And that's how I found the horse track!
On my way to shoot my "Old Love" story last week, I took three busses I had never taken before. Of course, I took three busses because I obviously didn't know the best route there, but quickly figured it out on the way back. And upon returning home, I passed this big track with a big picture of horses outside of it and I knew that I would eventually have to take some pictures there. And I got the opportunity to just days later.
I was worried about my "Day in the Life" story (to be posted last this week), so as a back-up just in case I couldn't get an ample story subject, I wandered down to the betting track to get a snapshot of a day at the tracks.
I really wanted to get some behind-the-scenes look at the horses being prepared for the races, and the jockeys getting ready and such, and this track was just the place for that. I swear, I didn't deal with any security or any bullshit during the day. I just walked into the track, walked back to the stables, and did my thing. It was fantastic.
I had a bit of trouble kind of getting an idea of what would happen during the day.
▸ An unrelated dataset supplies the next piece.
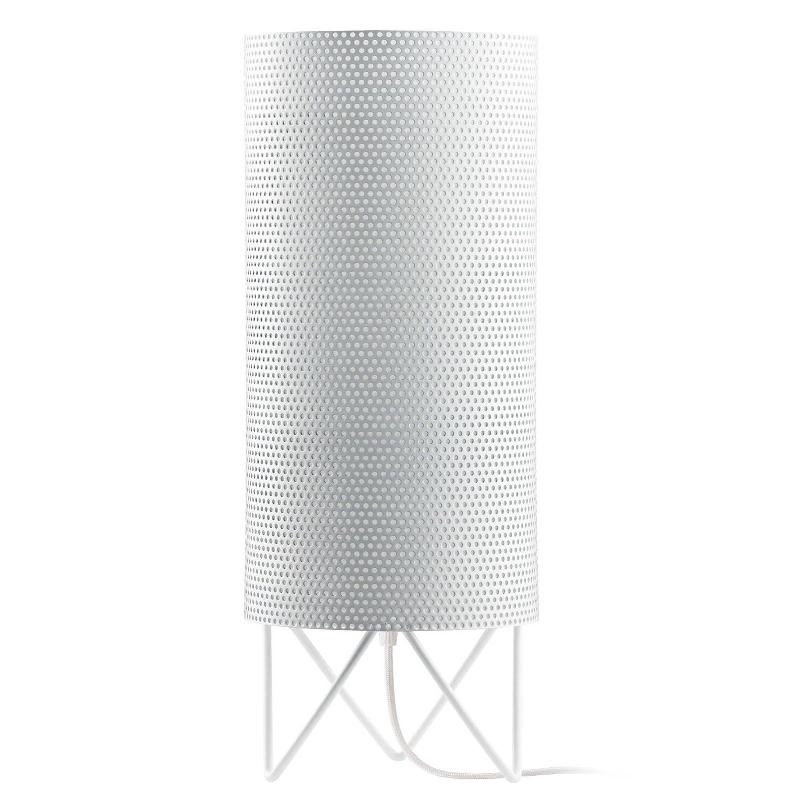GUBI PEDRERA H2O LAMPE À POSER, BLANCHE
I knew what time the race started, but where did the horses start? How far and how long did they run? How do you know who won? I tried asking around but after having some trouble with the language barrier, I just resolved to head out on the track (since I didn't see anyone that was going to stop me), take some warm-up shots and then just wing it.
This sentiment was echoed today in a chat from a guest lecturer Carsten Ingemann as he was talking with another student about access problems in a story. He said that if you just walk into somewhere with authority and don't ask to take photos, then chances are no one is going to stop you. Of course, you always feel the pressure to be courteous, but what if it's going to make or break your story? With this mindset, Carston told us an anecdote about how he got all the way through 12 security checkpoints during the first Gulf War in Kuwait. So, I guess it works, right?
And so I did. And it worked out pretty well. Honestly, most of my favorite shots, as I predicted, weren't from the races themselves, but back in the stables. One of my favorite moments of the day was chatting with this young boy who I thought was jokingly placing a bet but he was so short the cashier couldn't see him.
The seven year-old, Oliver, was actually placing a bet, though, as I later learned from his parents. Turns out, last week they came to the tracks and the boy was insistent on placing a bet on a particular horse. And they ended up winning 800DKK from the bet (around $90), so they thought they'd try their luck again. I don't know how old you need to be to bet in Denmark, but if there are regulations, they aren't strict!
Although I didn't end up using the shots for my story, I'm glad I went to the track and got to chat with some people there. I think I may even go back just for fun once it gets a bit warmer — it is one of those rare events that happens on a Sunday in Denmark. That's not so common!
I'm slowly adjusting to life here in Denmark. Although it doesn't seem to easy some days, especially with the bus, sometimes the bus seems to want to make it up to me and hands me nice story ideas like this.